Segment Start: DATA SHOWN
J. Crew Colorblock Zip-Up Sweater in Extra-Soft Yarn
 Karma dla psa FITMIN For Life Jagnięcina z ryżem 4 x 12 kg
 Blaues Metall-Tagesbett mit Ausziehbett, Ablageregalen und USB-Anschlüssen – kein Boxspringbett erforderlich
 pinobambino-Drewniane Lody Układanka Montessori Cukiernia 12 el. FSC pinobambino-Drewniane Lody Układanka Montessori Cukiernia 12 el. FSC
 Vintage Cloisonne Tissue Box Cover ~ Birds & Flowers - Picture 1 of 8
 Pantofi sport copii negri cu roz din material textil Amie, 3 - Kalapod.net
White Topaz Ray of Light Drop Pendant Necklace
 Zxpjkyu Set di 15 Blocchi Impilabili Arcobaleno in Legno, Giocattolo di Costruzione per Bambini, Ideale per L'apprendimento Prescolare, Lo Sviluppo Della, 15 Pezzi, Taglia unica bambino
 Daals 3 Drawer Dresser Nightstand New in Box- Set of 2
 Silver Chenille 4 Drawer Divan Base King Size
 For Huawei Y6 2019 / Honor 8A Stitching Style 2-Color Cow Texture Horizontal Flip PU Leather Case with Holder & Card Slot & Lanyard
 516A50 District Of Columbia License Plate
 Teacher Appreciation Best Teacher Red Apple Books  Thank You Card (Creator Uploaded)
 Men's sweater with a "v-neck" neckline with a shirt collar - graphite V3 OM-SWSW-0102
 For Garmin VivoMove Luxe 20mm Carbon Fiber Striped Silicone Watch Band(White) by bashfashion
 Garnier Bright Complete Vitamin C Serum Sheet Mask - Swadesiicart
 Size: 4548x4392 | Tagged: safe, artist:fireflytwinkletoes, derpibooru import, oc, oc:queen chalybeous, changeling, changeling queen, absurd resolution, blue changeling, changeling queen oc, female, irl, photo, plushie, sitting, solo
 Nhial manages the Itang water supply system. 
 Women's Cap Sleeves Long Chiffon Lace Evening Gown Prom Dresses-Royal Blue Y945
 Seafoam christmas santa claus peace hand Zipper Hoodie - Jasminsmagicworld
Segment End: DATA SHOWN
• TASK STATEMENT:
Set down all of the entries exactly, please.

• RESULT BELOW:
J. Crew Colorblock Zip-Up Sweater in Extra-Soft Yarn
 Karma dla psa FITMIN For Life Jagnięcina z ryżem 4 x 12 kg
 Blaues Metall-Tagesbett mit Ausziehbett, Ablageregalen und USB-Anschlüssen – kein Boxspringbett erforderlich
 pinobambino-Drewniane Lody Układanka Montessori Cukiernia 12 el. FSC pinobambino-Drewniane Lody Układanka Montessori Cukiernia 12 el. FSC
 Vintage Cloisonne Tissue Box Cover ~ Birds & Flowers - Picture 1 of 8
 Pantofi sport copii negri cu roz din material textil Amie, 3 - Kalapod.net
White Topaz Ray of Light Drop Pendant Necklace
 Zxpjkyu Set di 15 Blocchi Impilabili Arcobaleno in Legno, Giocattolo di Costruzione per Bambini, Ideale per L'apprendimento Prescolare, Lo Sviluppo Della, 15 Pezzi, Taglia unica bambino
 Daals 3 Drawer Dresser Nightstand New in Box- Set of 2
 Silver Chenille 4 Drawer Divan Base King Size
 For Huawei Y6 2019 / Honor 8A Stitching Style 2-Color Cow Texture Horizontal Flip PU Leather Case with Holder & Card Slot & Lanyard
 516A50 District Of Columbia License Plate
 Teacher Appreciation Best Teacher Red Apple Books  Thank You Card (Creator Uploaded)
 Men's sweater with a "v-neck" neckline with a shirt collar - graphite V3 OM-SWSW-0102
 For Garmin VivoMove Luxe 20mm Carbon Fiber Striped Silicone Watch Band(White) by bashfashion
 Garnier Bright Complete Vitamin C Serum Sheet Mask - Swadesiicart
 Size: 4548x4392 | Tagged: safe, artist:fireflytwinkletoes, derpibooru import, oc, oc:queen chalybeous, changeling, changeling queen, absurd resolution, blue changeling, changeling queen oc, female, irl, photo, plushie, sitting, solo
 Nhial manages the Itang water supply system. 
 Women's Cap Sleeves Long Chiffon Lace Evening Gown Prom Dresses-Royal Blue Y945
 Seafoam christmas santa claus peace hand Zipper Hoodie - Jasminsmagicworld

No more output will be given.